Several Pirates players have been growing moustaches lately, but Ronny Cedeno cheated yesterday, giving himself an eye-black ’stache. It’s not clear if this was an early indication of Bryce Harper‘s influence on the diamond, or if Cedeno was simply trying to channel Bobby V. Either way, I don’t think Goose Gossage’s place atop MLB’s all-time fu manchu rankings is threatened. (Thanks to Jason Thomas for the screen shot.)
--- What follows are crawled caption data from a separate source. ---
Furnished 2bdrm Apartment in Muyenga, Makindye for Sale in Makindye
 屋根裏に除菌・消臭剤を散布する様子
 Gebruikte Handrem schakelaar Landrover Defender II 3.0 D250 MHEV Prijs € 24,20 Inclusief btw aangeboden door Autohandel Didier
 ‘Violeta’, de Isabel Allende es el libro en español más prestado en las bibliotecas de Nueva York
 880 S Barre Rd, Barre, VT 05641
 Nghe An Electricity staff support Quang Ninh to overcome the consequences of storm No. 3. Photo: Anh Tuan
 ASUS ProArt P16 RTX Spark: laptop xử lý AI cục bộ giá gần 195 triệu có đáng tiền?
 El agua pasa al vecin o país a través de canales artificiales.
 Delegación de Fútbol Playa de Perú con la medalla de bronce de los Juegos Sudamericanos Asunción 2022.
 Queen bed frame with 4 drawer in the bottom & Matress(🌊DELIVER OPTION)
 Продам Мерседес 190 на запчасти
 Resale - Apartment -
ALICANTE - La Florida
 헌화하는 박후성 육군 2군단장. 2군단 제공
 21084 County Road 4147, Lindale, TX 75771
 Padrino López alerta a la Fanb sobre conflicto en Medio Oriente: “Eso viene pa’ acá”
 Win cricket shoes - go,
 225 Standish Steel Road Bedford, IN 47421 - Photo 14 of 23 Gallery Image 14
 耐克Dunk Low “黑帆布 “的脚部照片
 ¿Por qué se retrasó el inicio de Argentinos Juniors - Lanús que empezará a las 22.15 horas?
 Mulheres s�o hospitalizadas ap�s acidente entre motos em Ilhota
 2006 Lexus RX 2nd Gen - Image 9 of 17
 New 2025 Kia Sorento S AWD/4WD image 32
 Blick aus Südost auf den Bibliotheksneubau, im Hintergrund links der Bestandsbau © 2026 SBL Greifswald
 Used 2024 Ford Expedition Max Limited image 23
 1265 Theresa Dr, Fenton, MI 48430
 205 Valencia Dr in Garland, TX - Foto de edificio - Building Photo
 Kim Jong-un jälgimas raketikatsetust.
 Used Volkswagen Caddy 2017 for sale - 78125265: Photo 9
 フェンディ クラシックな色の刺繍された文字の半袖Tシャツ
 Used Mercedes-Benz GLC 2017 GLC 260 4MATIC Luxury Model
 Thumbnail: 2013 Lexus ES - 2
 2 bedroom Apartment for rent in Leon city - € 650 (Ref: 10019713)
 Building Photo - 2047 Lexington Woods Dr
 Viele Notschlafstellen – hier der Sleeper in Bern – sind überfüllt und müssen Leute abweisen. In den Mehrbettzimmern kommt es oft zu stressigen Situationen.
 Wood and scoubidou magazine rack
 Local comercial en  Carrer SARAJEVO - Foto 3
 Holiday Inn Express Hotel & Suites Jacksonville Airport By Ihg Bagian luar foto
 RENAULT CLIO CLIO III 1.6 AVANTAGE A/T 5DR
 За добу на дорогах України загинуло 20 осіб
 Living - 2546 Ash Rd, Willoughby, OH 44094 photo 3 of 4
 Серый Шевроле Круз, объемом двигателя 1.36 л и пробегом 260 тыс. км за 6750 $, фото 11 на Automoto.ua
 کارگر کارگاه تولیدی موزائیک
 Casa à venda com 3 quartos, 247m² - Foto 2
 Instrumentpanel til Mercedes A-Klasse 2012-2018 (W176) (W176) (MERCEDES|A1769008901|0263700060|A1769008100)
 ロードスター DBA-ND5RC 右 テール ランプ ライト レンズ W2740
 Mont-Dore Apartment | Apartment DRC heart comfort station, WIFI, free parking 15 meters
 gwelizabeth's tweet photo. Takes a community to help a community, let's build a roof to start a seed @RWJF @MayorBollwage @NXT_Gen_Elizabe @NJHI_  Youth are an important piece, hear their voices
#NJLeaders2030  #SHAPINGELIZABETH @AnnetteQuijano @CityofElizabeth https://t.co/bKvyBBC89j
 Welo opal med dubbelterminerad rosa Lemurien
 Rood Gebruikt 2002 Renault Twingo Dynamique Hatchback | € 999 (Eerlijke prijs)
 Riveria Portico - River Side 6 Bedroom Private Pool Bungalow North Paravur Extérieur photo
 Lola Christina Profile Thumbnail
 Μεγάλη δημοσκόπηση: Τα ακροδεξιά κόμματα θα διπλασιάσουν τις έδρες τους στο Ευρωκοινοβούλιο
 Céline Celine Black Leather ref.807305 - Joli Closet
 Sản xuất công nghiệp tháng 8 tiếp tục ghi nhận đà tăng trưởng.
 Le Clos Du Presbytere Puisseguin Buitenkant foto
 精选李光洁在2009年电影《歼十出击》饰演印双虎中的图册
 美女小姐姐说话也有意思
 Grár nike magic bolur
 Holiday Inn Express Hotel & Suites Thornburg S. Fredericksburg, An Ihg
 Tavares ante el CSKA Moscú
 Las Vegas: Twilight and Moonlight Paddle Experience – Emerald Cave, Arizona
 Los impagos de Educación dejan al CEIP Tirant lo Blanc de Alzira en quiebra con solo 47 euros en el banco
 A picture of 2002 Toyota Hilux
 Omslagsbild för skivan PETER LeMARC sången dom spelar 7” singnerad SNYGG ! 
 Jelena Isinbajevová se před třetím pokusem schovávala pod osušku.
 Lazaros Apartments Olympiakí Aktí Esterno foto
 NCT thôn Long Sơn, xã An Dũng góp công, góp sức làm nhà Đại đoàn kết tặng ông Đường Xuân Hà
New ESPN column today. In fact, it’s going to be quite a week for Uni Watch over on Page 2. On the one hand, I’ll have new columns running for four consecutive days, which is unprecedented. But almost none of the content in those columns will be written by me, because they’ll be covering the World Cup, a topic I’m ill-equipped to discuss. Fortunately, I was able to secure the services of four extremely soccer-knowledgeable readers — Doug Mulliken, Michael Orr, Kent Green, and Patrick Runge — who’ve provided their own expert analyses of the Cup kits. Their commentary begins today with coverage of the teams in Groups A and B. Then we’ll have Groups C and D tomorrow, and so on. OK? OK.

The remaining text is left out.